Since I sometimes get e-mails about freelancing, I thought it would be good to post a link to Salon’s “Tips for Freelancers” – supposedly tax tips, but other useful tips as well. Check out the letters, which contain more tips from readers.
It’s NaPoWriMo day 1001. Or at least that’s how it feels.
Yes, watching Kurosowa’s “The Hidden Fortress” and George Lucas’ “Star Wars: A New Hope,” in the same night, was surprisingly fun. And why, you ask, was I available to watch such a marathon? Well, my stupid problems (neck, joint, immune system/connective tissue, etc) were flaring up again, so I was basically stuck flat on my back. After a punishing session with a physical therapist and a chiropractor today, I don’t feel any better. So I was feeling kind of grumpy, healthwise, today, and wrote a grumpy, self-pitying, health-problem-based poem-a-day poem. It’s really just a remix of the themes in this poem. I told Kelli I wasn’t posting my drafts because I wasn’t happy with them, but she told me to post them anyway, so here goes:
They Told Me I Was Special
Poof!
I was supposed to go to a reading on Wednesday for the Wompo Anthology, but as per doctor’s orders, I will be resting my pretty head (neck) instead of partying with my girl-poet friends. Boo.

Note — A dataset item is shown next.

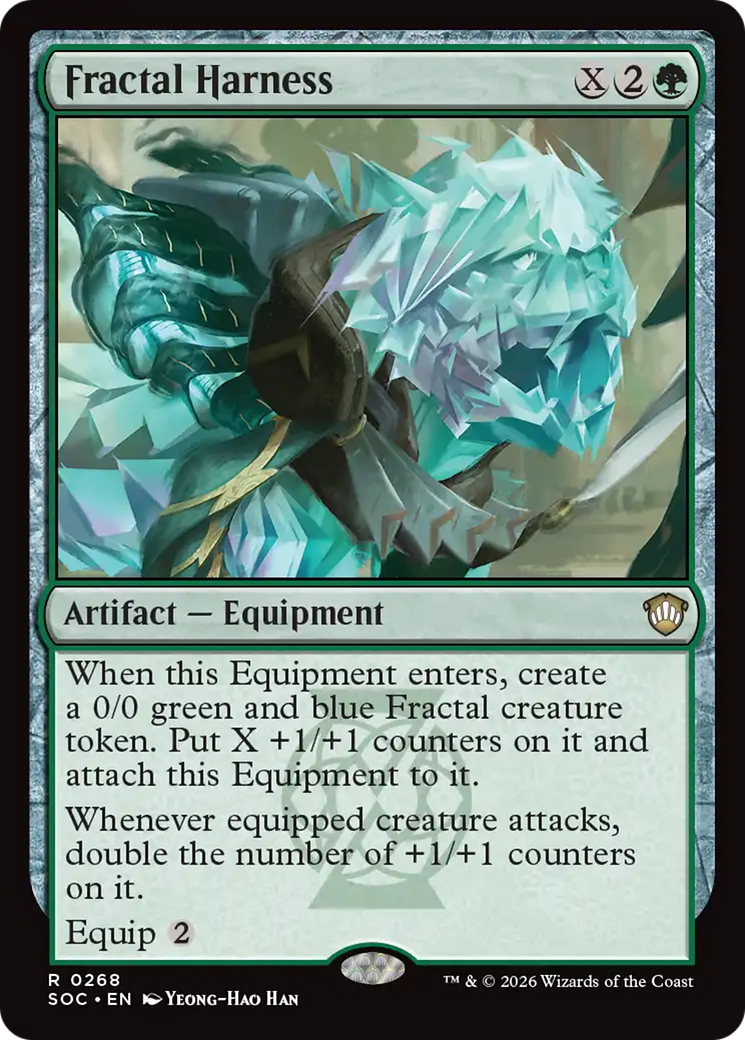 Fractal Harness [Secrets of Strixhaven Commander] | Empire Gaming NC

Endicott Studio’s Journal of Mythic Arts features five Red Riding Hood poems today, including Anne Sexton’s, Carol Ann Duffy’s, and mine! Check out their Sunday poems!
Things have been happening – even though I haven’t been blogging – a new baby, for instance, in the family (a girl niece for me, after all my nephews!) Happy congrats to my brother-in-law Jason and his wife Jen for his new little baby girl, Elena! So cute! And so glad to have another girl in our male-heavy family tree…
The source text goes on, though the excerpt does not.